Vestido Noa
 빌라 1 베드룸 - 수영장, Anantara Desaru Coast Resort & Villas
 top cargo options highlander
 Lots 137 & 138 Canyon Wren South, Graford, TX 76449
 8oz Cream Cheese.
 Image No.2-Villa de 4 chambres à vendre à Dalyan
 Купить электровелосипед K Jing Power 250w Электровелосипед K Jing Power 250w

____________________

Nothing but the lines from the one with "Image No.2-Villa de" through the end of the data above should be reproduced, each exactly, both ends included.

Reply
 Image No.2-Villa de 4 chambres à vendre à Dalyan
 Купить электровелосипед K Jing Power 250w Электровелосипед K Jing Power 250w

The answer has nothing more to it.